Some, including the Phoenix Park murders of May 1882, are linked directly to the struggle for independence.
The records, published on the ancestry.ie website, are from the official Hue-and-Cry, the colloquial name for the Police Gazette, an internal bulletin of the Royal Irish Constabulary that was not meant for publication. The files, covering the period 1861-1893, show that assault was the most common crime in the period, with some 28,353 cases reported, closely followed by reports of the breaking of licence conditions (28,092 cases) and of theft (23,345 incidences).
Stealing ginger beer
Other crimes detailed range from petty cases such as the stealing of bottles of ginger beer and stone-throwing to murders, the rate of which was seven times higher in Victorian times than today.
Rewards were offered frequently to encourage people to give information. The amounts involved ranged from the relatively small – for example, £5 offered in February 1863 by Supt Daniel Ryan, in Dublin Castle, for information about a hoard of gold chains, bracelets and rings stolen from a house – to £10,000 for high-profile murders. Lower-profile killings resulted in reward offers of between £100 and £300.
Among the most high-profile political killings included in the records are the infamous Phoenix Park Murders, the May 1882 assassination, by members of the National Invincibles, a radical splinter group of the Irish Republican Brotherhood, of Frederick Cavendish and Thomas Burke, respectively chief secretary and permanent undersecretary for Ireland.
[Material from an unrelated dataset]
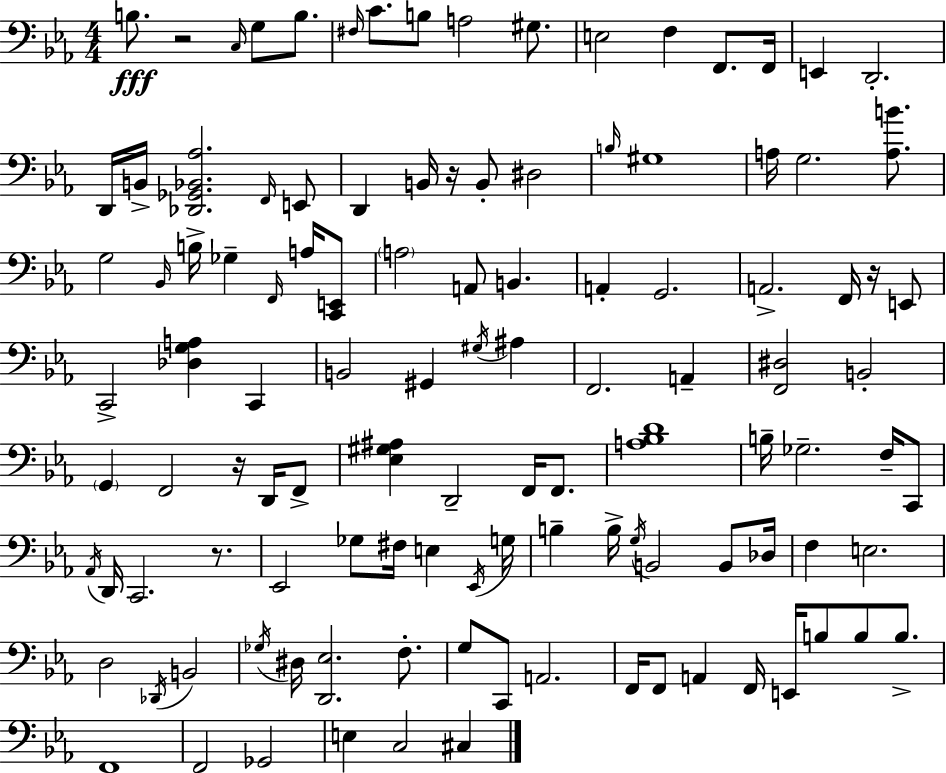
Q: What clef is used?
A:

Four men wanted for the murder were described as having “whiskers and moustache recently clipped to give a bristling appearance . . . natural hollow or dinge on bridge of nose . . . brown faded coat as if much exposed to sun . . . the men had the appearance of sailors or well-to-do artisans.”
But it is the less high-profile records that may be of interest to people searching family records and to social historians of the period.
For instance, descendants of Mary (Neille) McCarthy, of Glenbeigh, Co Kerry, who was a stout, ruddy-faced, 30-year-old servant of William Quane of Kilmoily, might be interested in know that she stole £35 from him on June 3rd, 1863.
The description of McCarthy in Hue-and-Cry states: “This woman’s upper teeth project over the lower, her lips are generally of a blue or livid colour, and the upper lip thick.”
Animal theft is a common thread running through the records. Daniel Coleman of Mitchelstown, Co Cork, was said, in March 1863, to have “feloniously stolen a gray mare donkey, car, and tackling, together with a quantity of wearing apparel, &c, the property of John Halloran, a dealing man”.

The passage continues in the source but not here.